Ontem mesmo, na novela das 8h, uma das personagens dizia que a fulana era rica, mas sofria tanto. No Brasil, as novelas, os filmes e tudo mais, sempre nos levam a pensar que ser rico é ruim. Que ser rico é ter que sofrer ou ser desonesto, nada mais longe da verdade. Os ricos passam por tragédias tanto quanto os pobres, com a diferença de que os ricos tem recursos pra mandar um filho fazer um transplante nos EUA se necessário, e os pobres amargam na fila do SUS. Isso me mostrou o quanto somos educados a sermos bons demais, a não queremos demais da vida, a nos contentar com pouco.

 

Só que, enquanto nós queremos pouco, nos contentamos com isso, a Globo enriquece.

 

Estou falando dessa novela, mas estenda pra tudo. Sempre haverá alguém que quer dominar e, pra isso, precisam haver dominados. Na verdade, é um grande jogo de sombras. As sombras daqui duelam com as de lá.

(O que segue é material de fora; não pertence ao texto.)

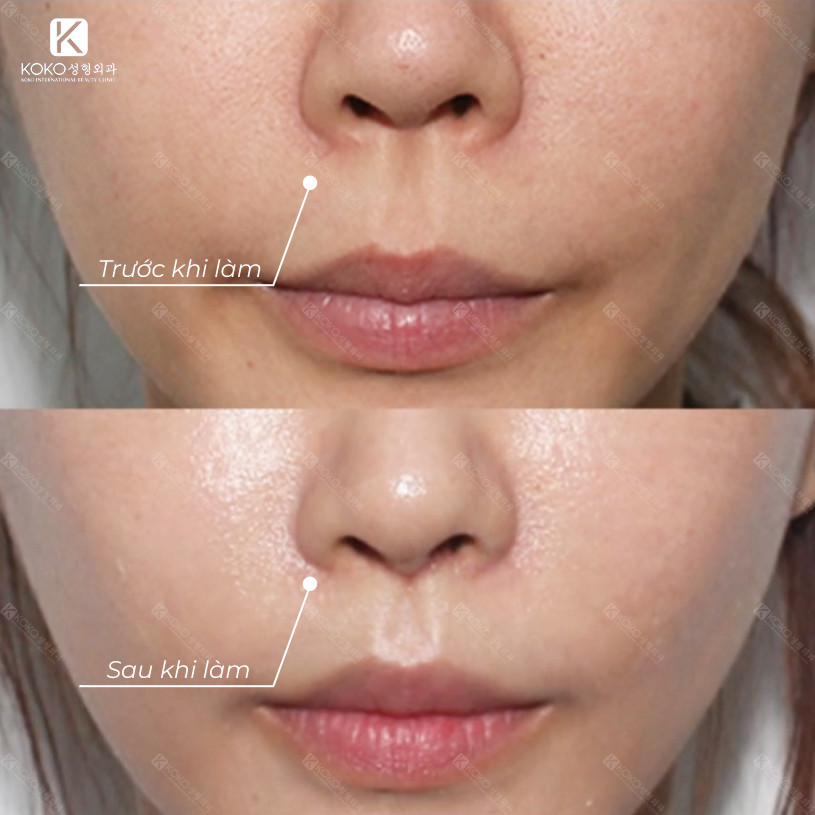Thẩm Mỹ Ko Ko – Nét Đẹp Hoàn Mỹ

Eu posso ouvir a mulher da novela falar isso e pensar “nossa, eu não quero ser rica, então” e isso fará com que os dominados continuem sua missão. Ou eu posso pensar: “às favas, isso é uma grande mentira” e a dominadora da vez serei eu.

 

Pois é, não existe muita saída. Ou você domina, se domina, ou é dominado pelos outros. E sim, precisamos aprender a jogar o jogo da vida. Precisamos deixar de pensar que todos são mais espertos do que nós, que todos vão entender os nosso truques. Porque eles não entendem! Só porque pra você é fácil de perceber, não quer dizer que seja para todo mundo.

 

Outro dia mesmo eu vi uma conhecida dizendo que faria um truque destes com o marido. Não era nada de grave, ela só queria gastar um pouco mais do que costuma com uma blusa magnífica no shopping. Ela separou os gastos entre supermercado, feira e uma mamadeira nova para a filha e comprou a blusa. Eu, de fora pensei “claro que ele vai saber que isso é um truque, não percebe que a menina tem 12 mamadeiras?” Ele não percebeu e minha colega apareceu na festa do prédio lindíssima, com a blusa e uma dose extra de cara de pau.

 

Quem é ligado à espiritualidade, então, meu Deus, como é mais complicado! Temos profundas crenças no bem (e isso é uma coisa ótima) e isso nos faz viver mal na vida real. Mas encarnamos neste planeta, munidos do que temos, por algum motivo (e não se iluda que foi só pra ajudar as pessoas da sua família a evoluírem). Encarnamos justamente porque talvez, precisemos saber lidar bem com a nossa sombra, com o nosso lado malvado, malévolo, ruim. Precisamos usar os truques, valorizar a nossa sabedoria e a nossa esperteza, e saber que é preciso usar a inteligência justamente pra isso.

 

Inteligência não é só pra fazer conta de cabeça, mas pra nos ajudar a jogar o jogo da vida. Ficar fora dele pode nos custar muito, muito caro!